Além de Boris Johnson, seis nomes do Partido Conservador se destacam como fortes candidatos ao cargo de primeiro-ministro: o ministro do Meio Ambiente, Michael Gove, 51 anos; o chanceler Jeremy Hunt, 52; a ex-presidente da Câmara dos Comuns Andrea Leadsom, 56; o ex-ministro do Brexit Dominic Raab, 45; o ministro do Desenvolvimento Internacional, Rory Stewart, 46; e o secretário do Interior, Sajid Javid, 49. A renúncia de Theresa May não deve pôr fim aos entraves para um Brexit que tem se mostrado impossível. A UE se recusa a renegociar o acordo, e o Parlamento britânico, que vetou o pacto em duas ocasiões, não parece disposto a novas votações nem à realização de um segundo referendo.

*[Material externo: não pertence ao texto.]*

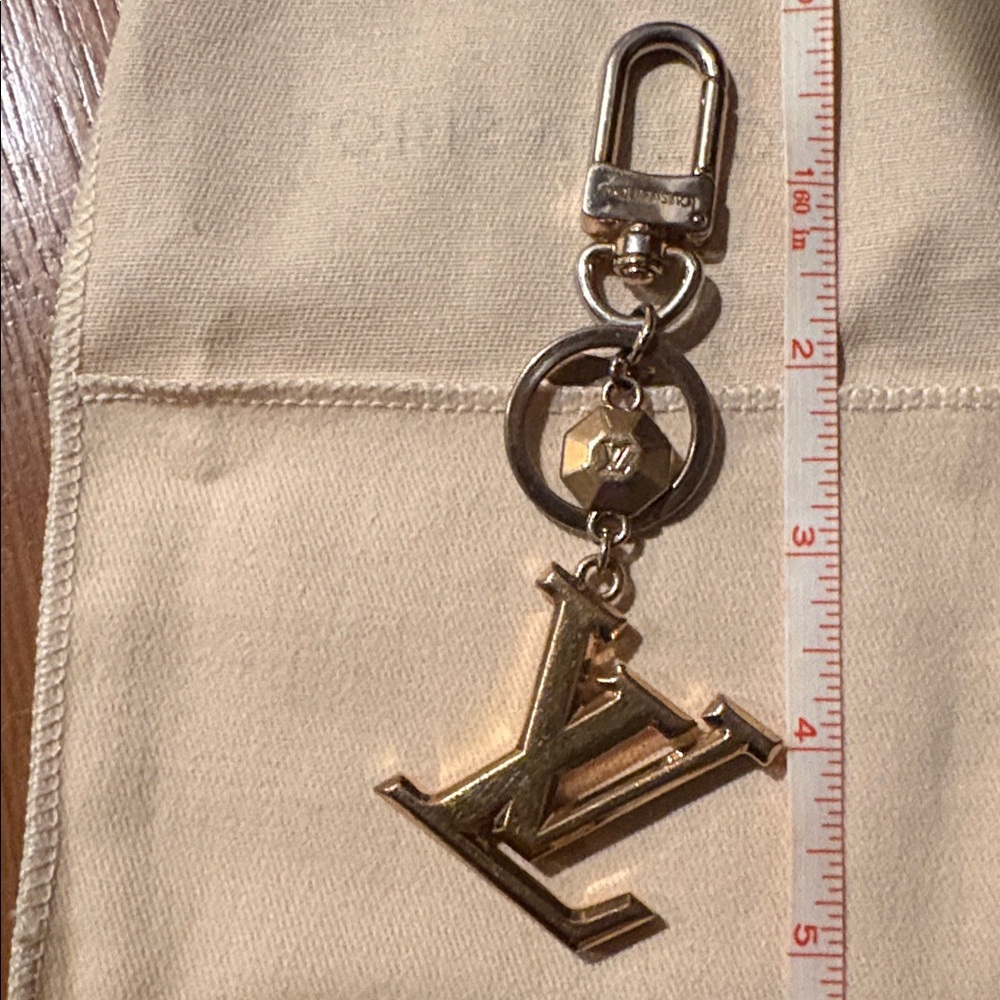 Louis Vuitton Bag Charm - Picture 4 of 4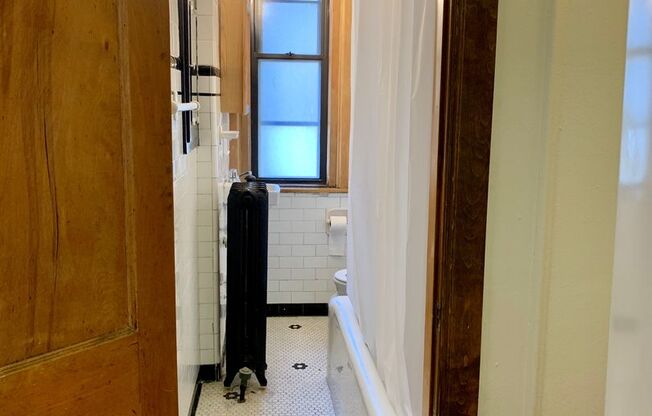 Studio, 1 bath, 350 sqft, $1,355, Unit 530-311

Justiça rejeita acusação contra Boris Johnson
A Justiça do Reino Unido desconsiderou, ontem, uma ação por “má conduta em cargo público” apresentada contra Boris Johnson (foto). O ex-chanceler, favorito para substituir Theresa May na chefia de governo, era acusado de mentir durante a campanha do referendo sobre o Brexit em 2016. “Invalidamos a decisão da juíza de distrito de convocar” Johnson, disse o juiz Michael Supperstone, da Alta Corte de Londres. O ex-ministro das Relações Exteriores recorreu da decisão tomada na semana passada de intimá-lo, em função das acusações lançadas contra ele pelo empresário britânico Marcus Ball. A intervenção de Johnson na campanha do referendo foi decisiva para a vitória do Brexit por 52%. Os advogados de Ball acusam Johnson, ardoroso defensor do Brexit, de ter mentido em 2016, quando era prefeito de Londres. Na época, ele afirmou que o Reino Unido enviava 350 milhões de libras (US$ 440 milhões) por semana para Bruxelas.